CCGbank
Item Name: | CCGbank |
Author(s): | Julia Hockenmaier, Mark Steedman |
LDC Catalog No.: | LDC2005T13 |
ISBN: | 1-58563-340-2 |
ISLRN: | 181-921-208-336-7 |
DOI: | https://doi.org/10.35111/a589-6d76 |
Release Date: | May 15, 2005 |
Member Year(s): | 2005 |
DCMI Type(s): | Text |
Data Source(s): | newswire |
Project(s): | GALE, TIDES |
Application(s): | automatic content extraction, cross-lingual information retrieval, information detection, natural language processing |
Language(s): | English |
Language ID(s): | eng |
License(s): |
LDC User Agreement for Non-Members |
Online Documentation: | LDC2005T13 Documents |
Licensing Instructions: | Subscription & Standard Members, and Non-Members |
Citation: | Hockenmaier, Julia, and Mark Steedman. CCGbank LDC2005T13. Web Download. Philadelphia: Linguistic Data Consortium, 2005. |
Related Works: | View |
Introduction
CCGbank was developed by the University of Edinburgh and contains approximately 49,000 sentences of English text formatted in Combinatory Categorial Grammar (CCG) derivations. The sentences used for this corpus are from Treebank-2 (LDC95T7) and represent 99.44% of the entire treebank. For the remaining 274 sentences, the translation algorithm failed to provide a CCG derivation.
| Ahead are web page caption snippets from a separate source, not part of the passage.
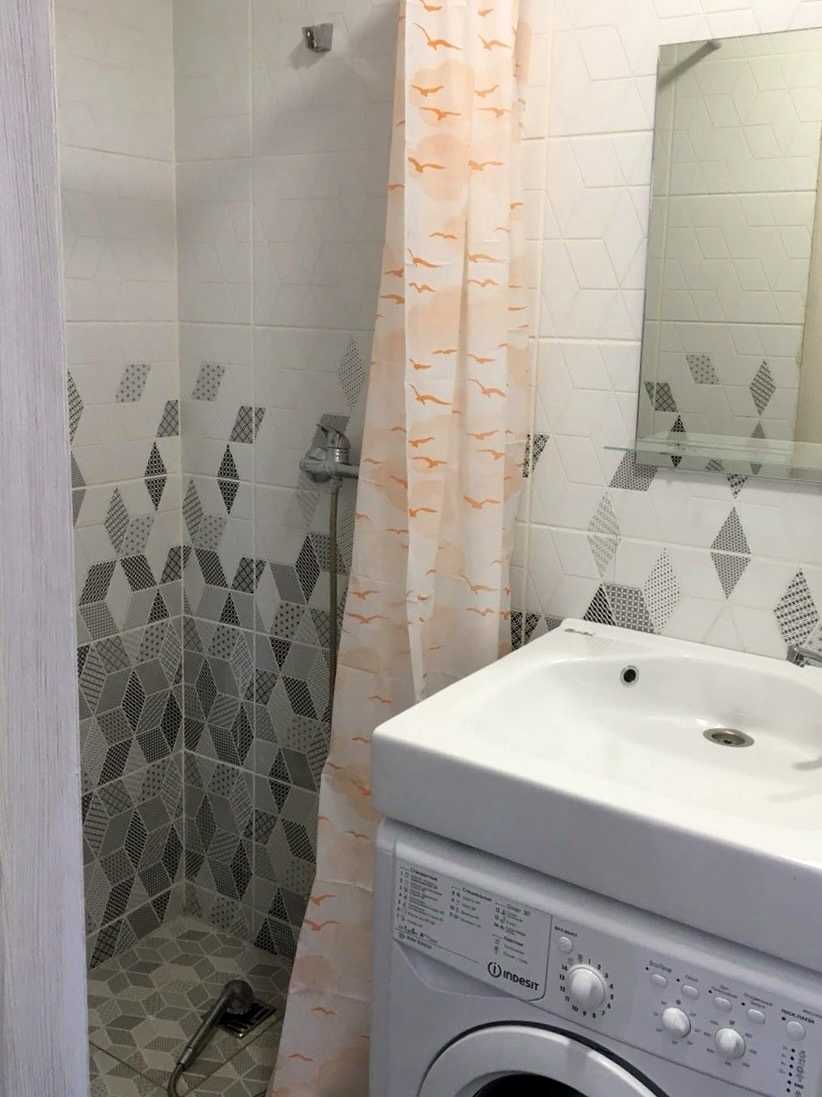 1879481640743376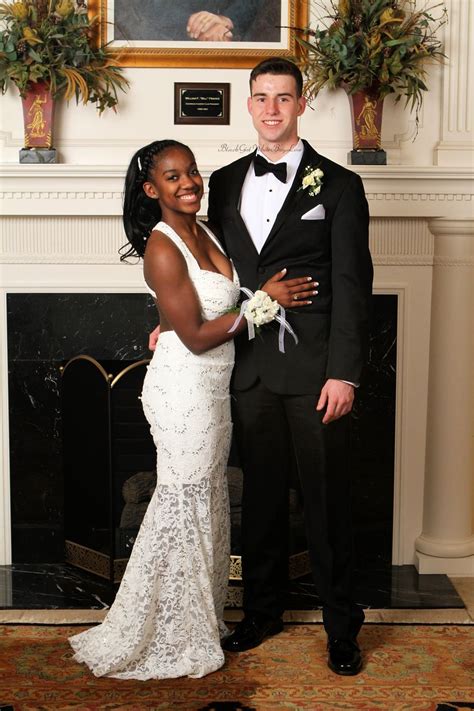 Pin By Gynger Fyer On Swirl L♥ve Interracial Couples Interracial Wedding Interracial Couples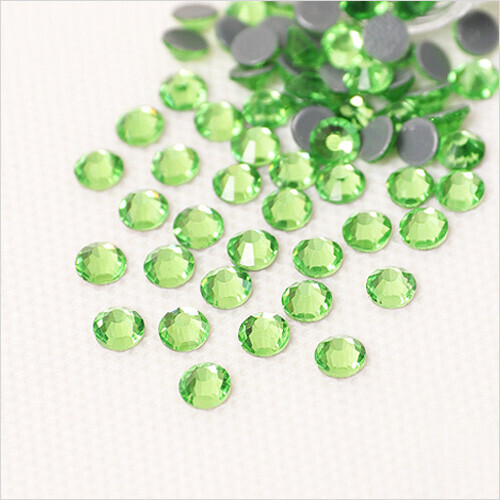 SS20-7 Light Peridot 라이트 페리도트 5mm 약100개입 핫픽스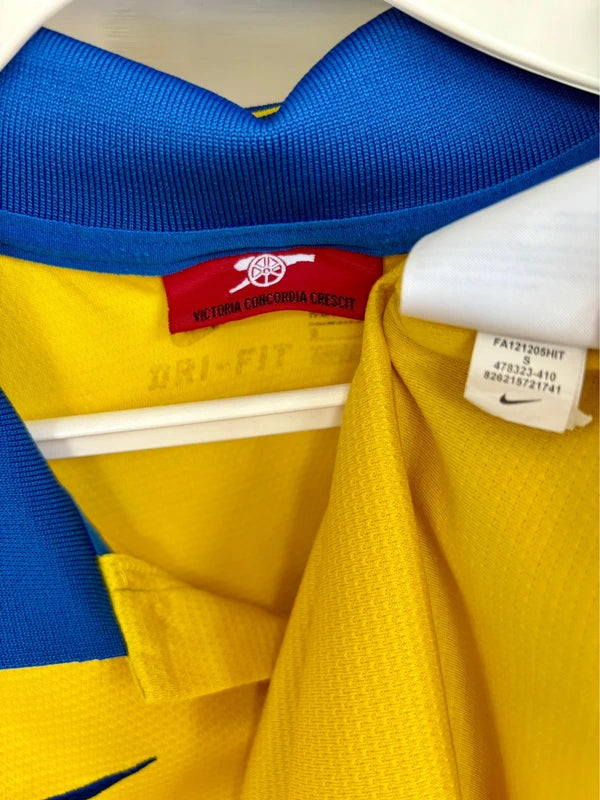 Arsenal footballshirt 2012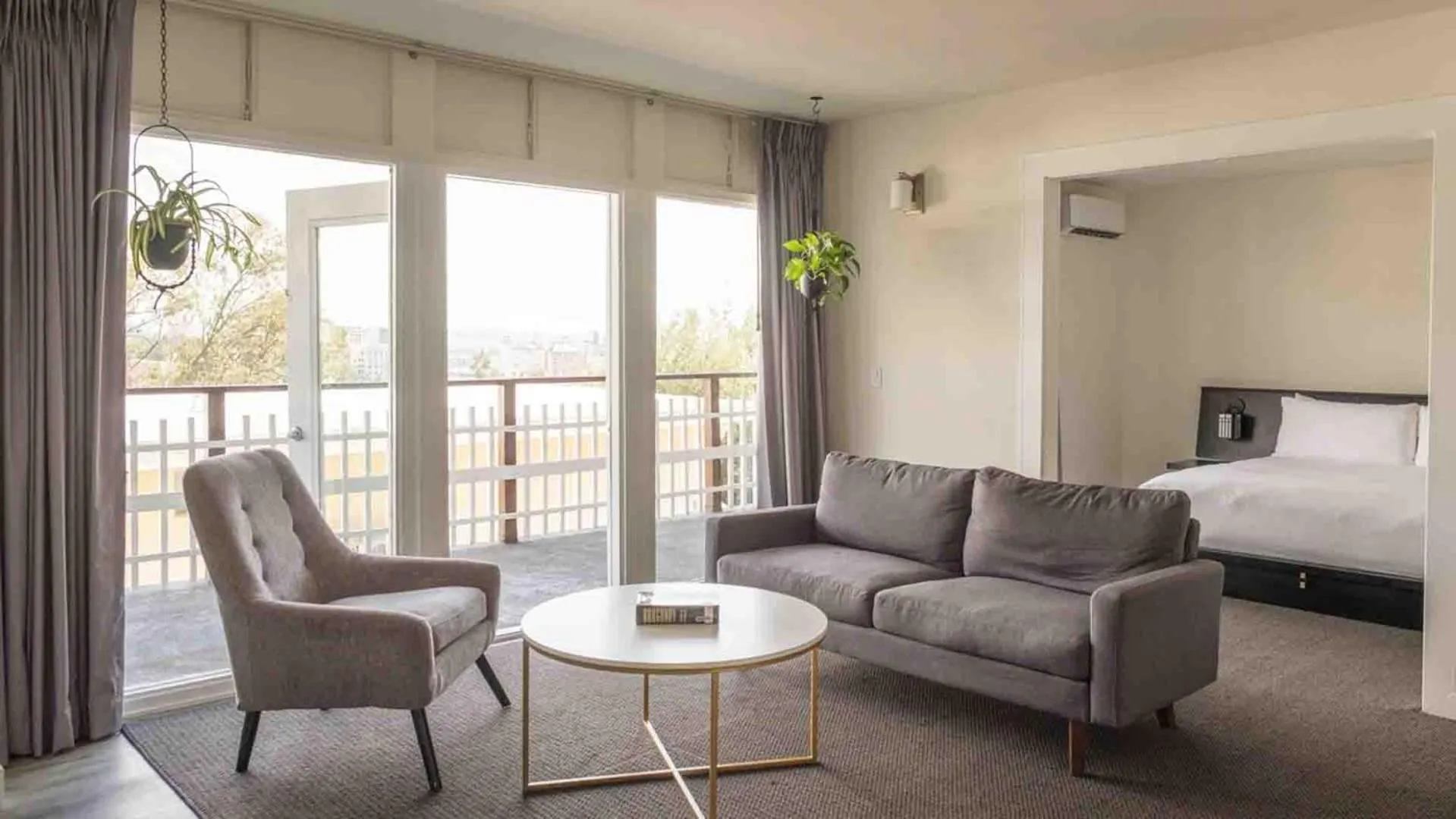 TV and multimedia, Bed in Hollywood Hills Hotel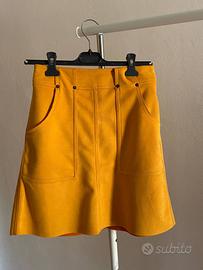 Gonna colore giallo (sfumatura calda)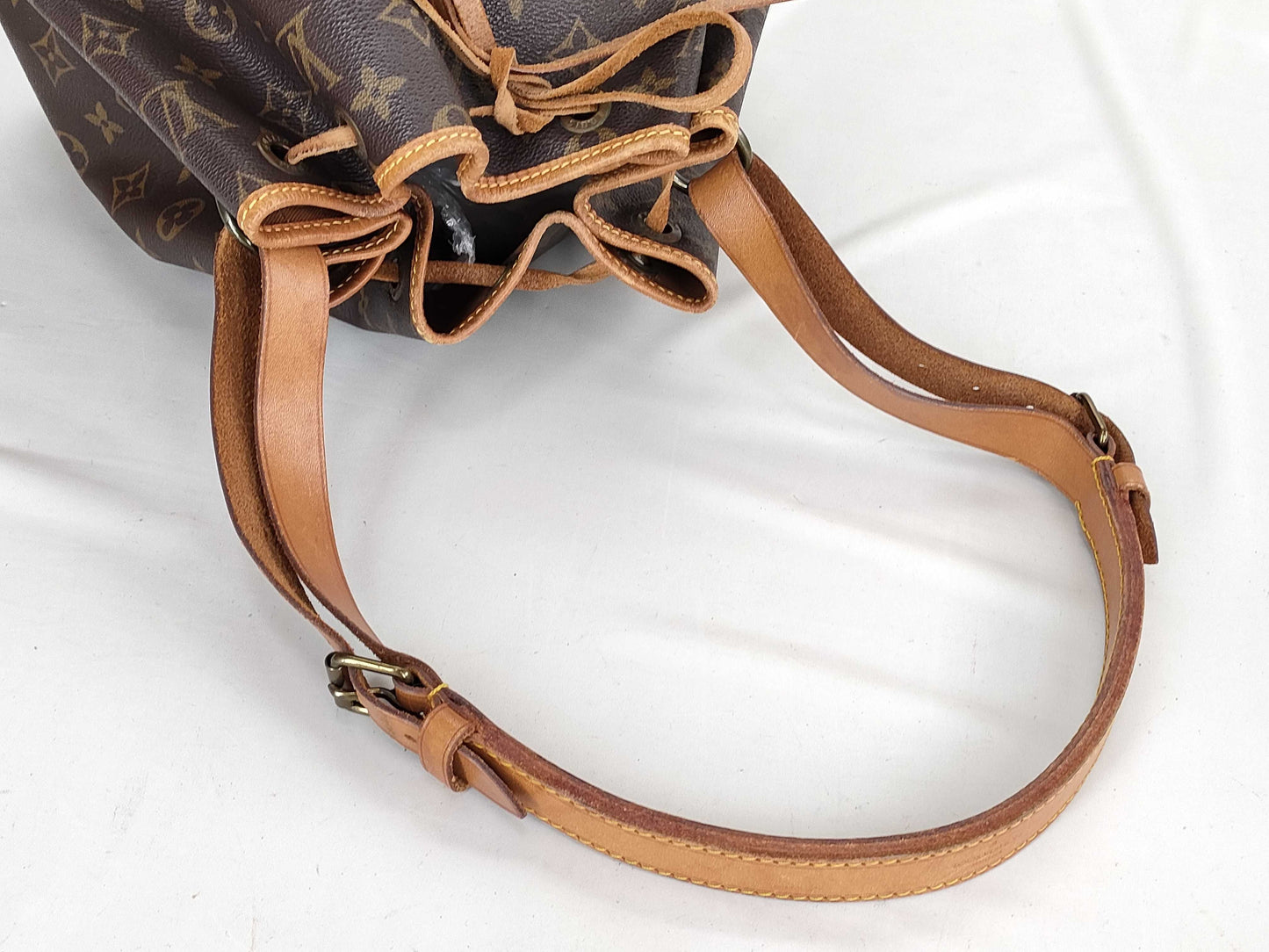 LOUIS VUITTON Monogram Vuitton Monogram Noe M42224 Serial Blur Shoulder Bag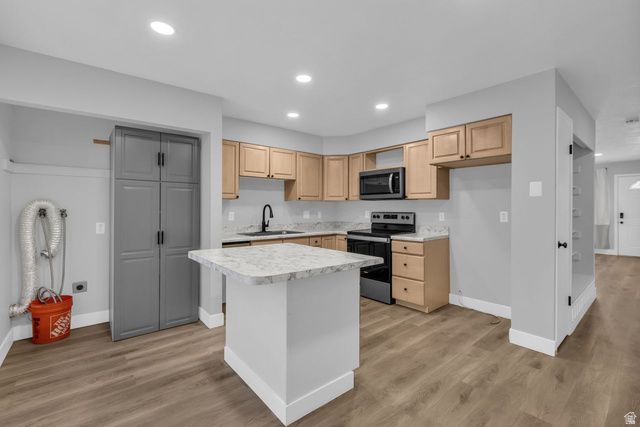 5951 S SULTAN CIR, Murray, UT 84107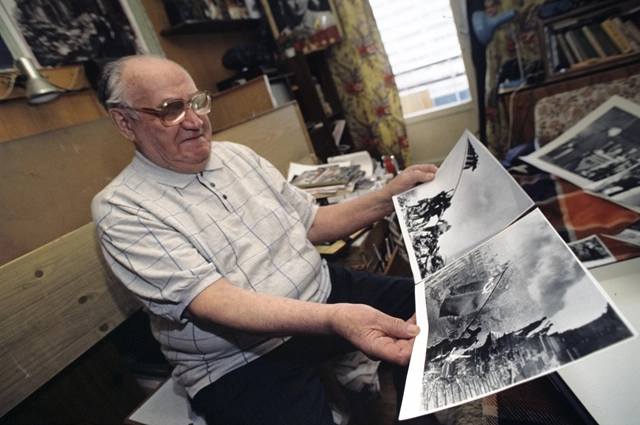 Евгений Ананьевич Халдей (10 марта 1917 — 6 октября 1997). Показывает один из самых известных его снимков - «Знамя Победы над Рейхстагом».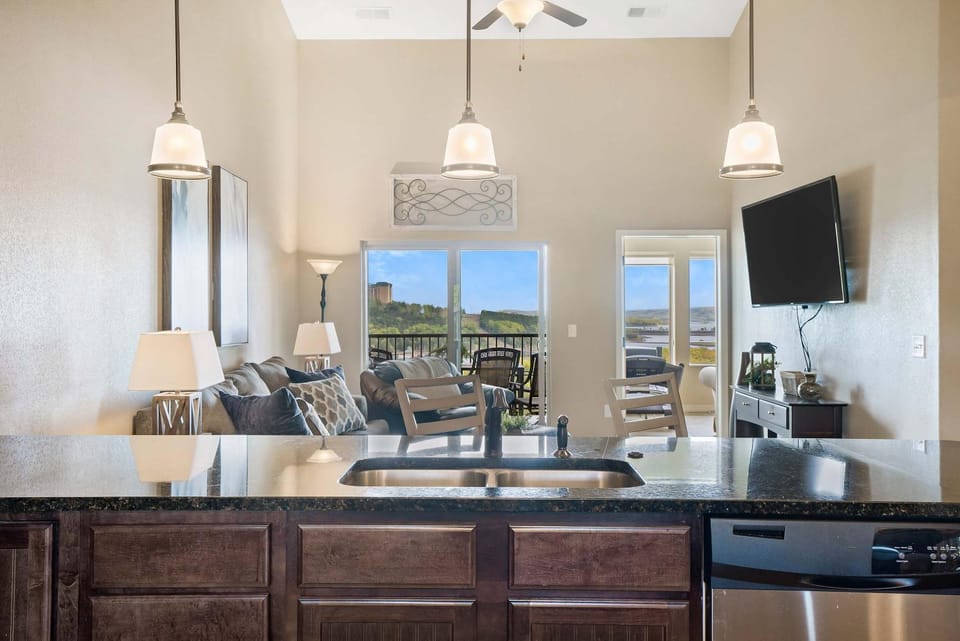 Happy Place Condo - Stunning Table Rock Lake Views House in Branson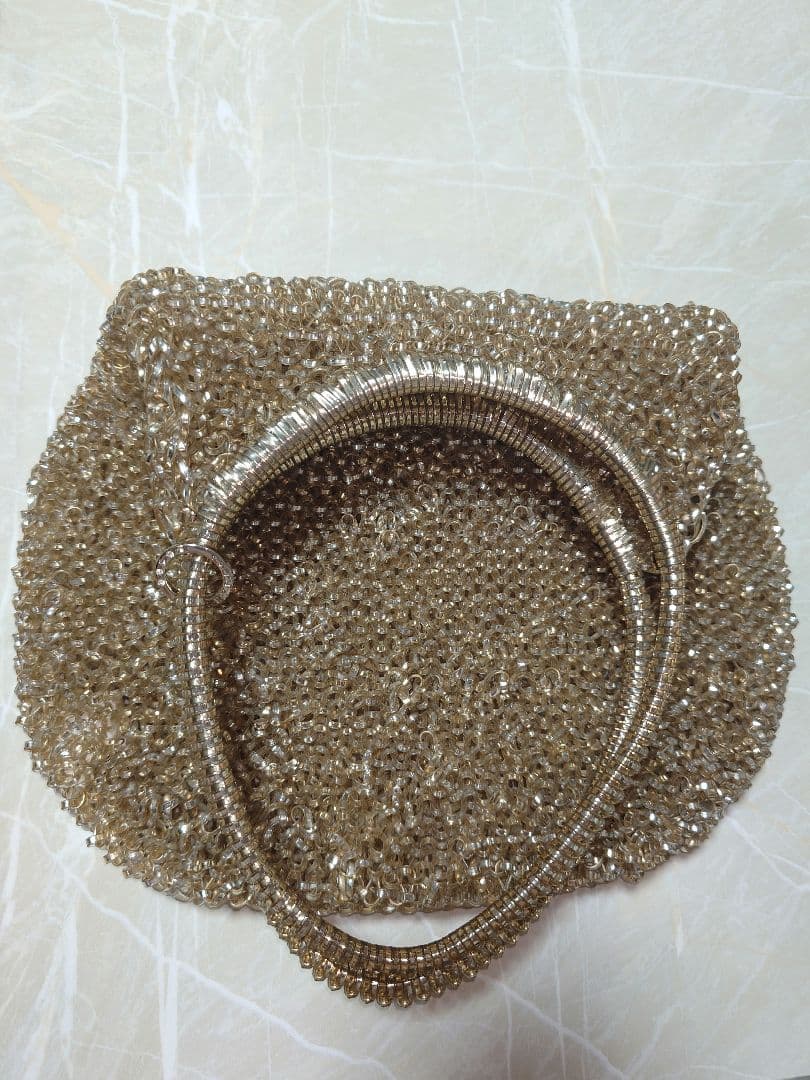 美品アンテプリマワイヤーバッグラウンド縦型シルバーゴールドショルダーチェーン付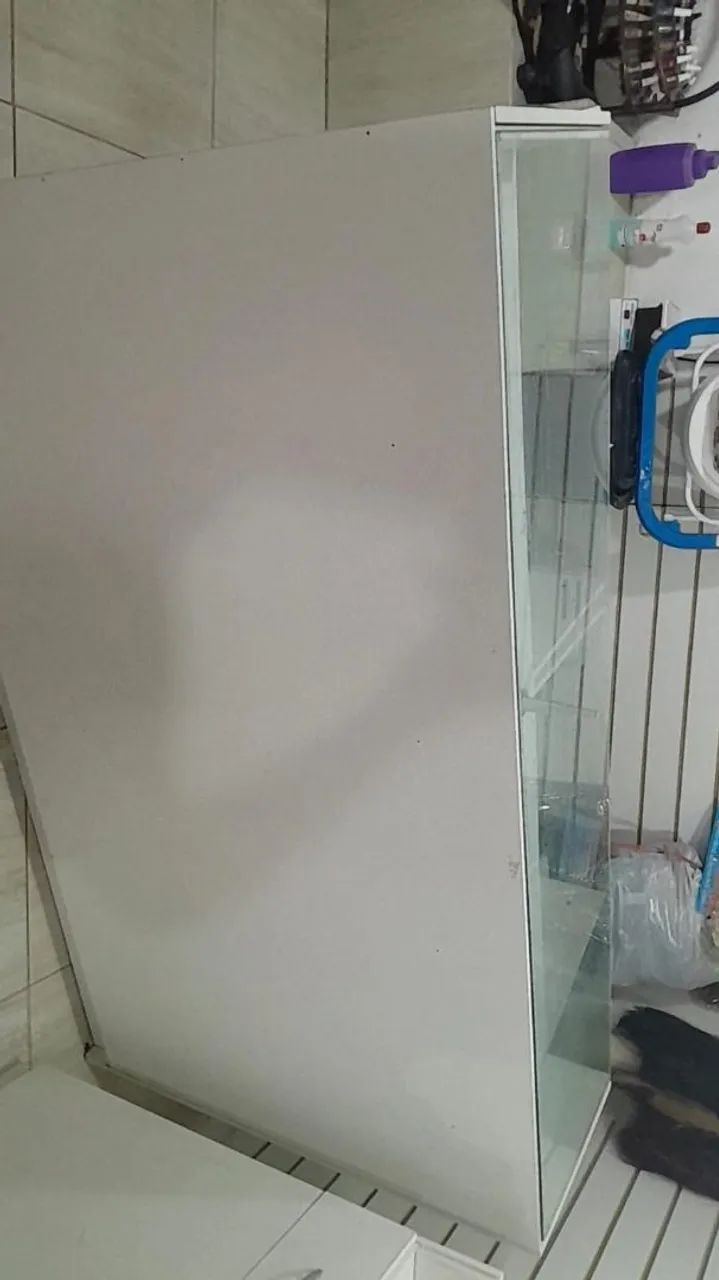 Balcão com tampo de vidro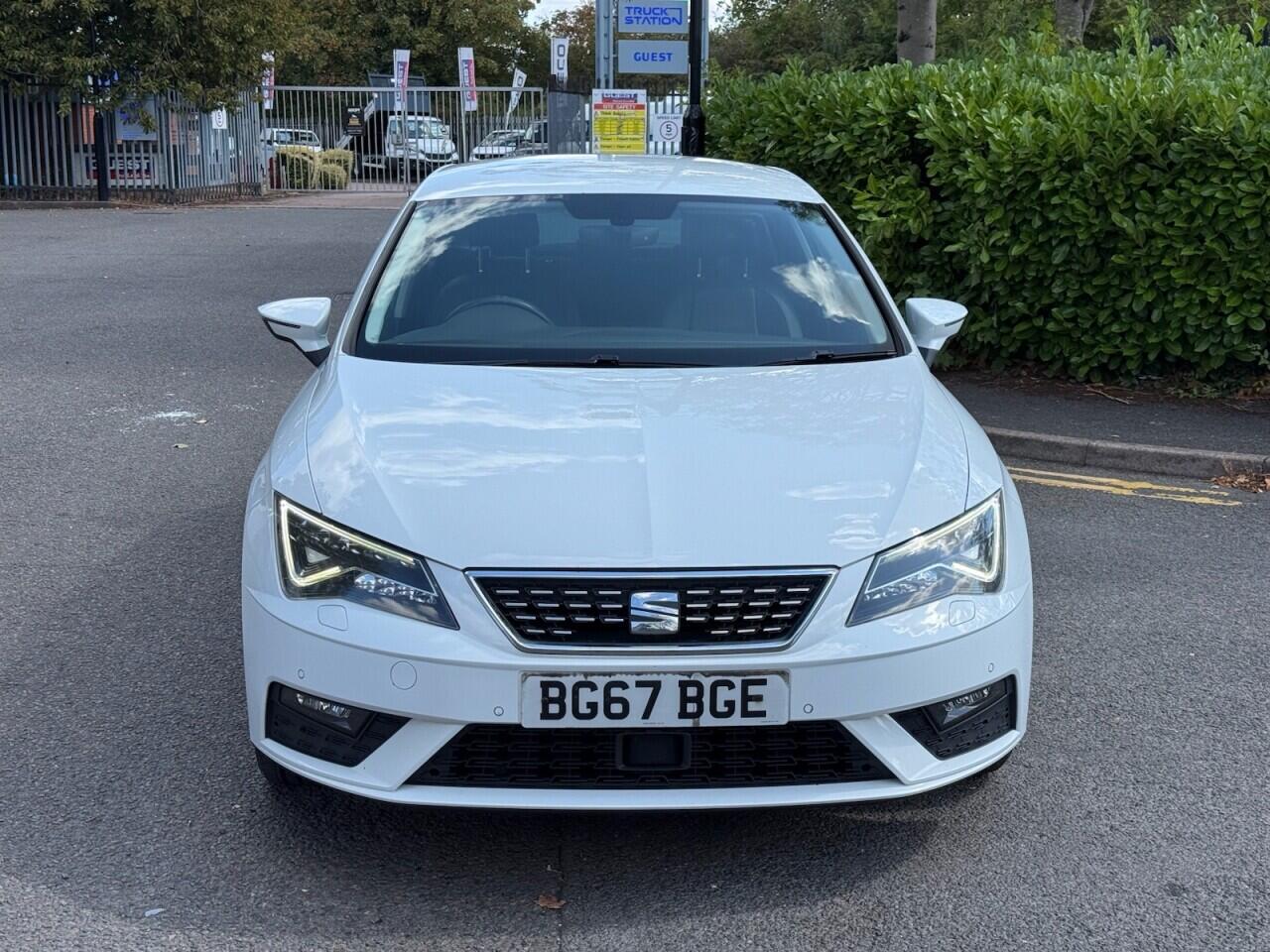 Seat Leon Leon view 2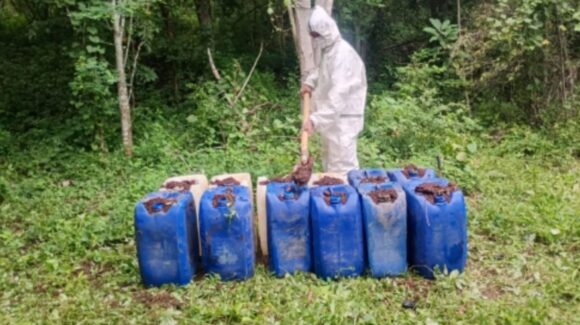 Destruyen 3 áreas de almacenamiento de químicos en tres comunidades de Culiacán, Sinaloa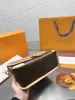 Umhängetaschen Bieten Sie Frauen unterhaltsame Techniken oder Behandlungen mit Umhängetaschen, Clubtaschen und Taschen, Reisetaschen und Geschenkencatlin_fashion_bags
CCG is a grammatical theory which provides a completely transparent interface between surface syntax and underlying semantics. Each (complete or partial) syntactic derivation corresponds directly to an interpretable structure. This allows CCG to provide an account for the incremental nature of human language processing. The syntactic rules of CCG are based on categorial calculus and combinatory logic. The main attraction of using CCG for parsing is that it facilitates the recovery of the non-local dependencies involved in constructions such as extraction, coordination, control, and raising.
Data
There are three sets of files which mirror the directory and file structure of the Penn Treebank: the human readable files in HTML format, the machine-readable corpus files (.auto), and the predicate-argument structure files (.parg). The corpus also includes a lexicon specifying the categories that the words of a language can take and files detailing grammar rule instantiations.
Samples
For an example of the data in this corpus, please view this sample (HTML).
Update
The current version, 1.1, is a bug fix that supersedes the old package. It is available for download.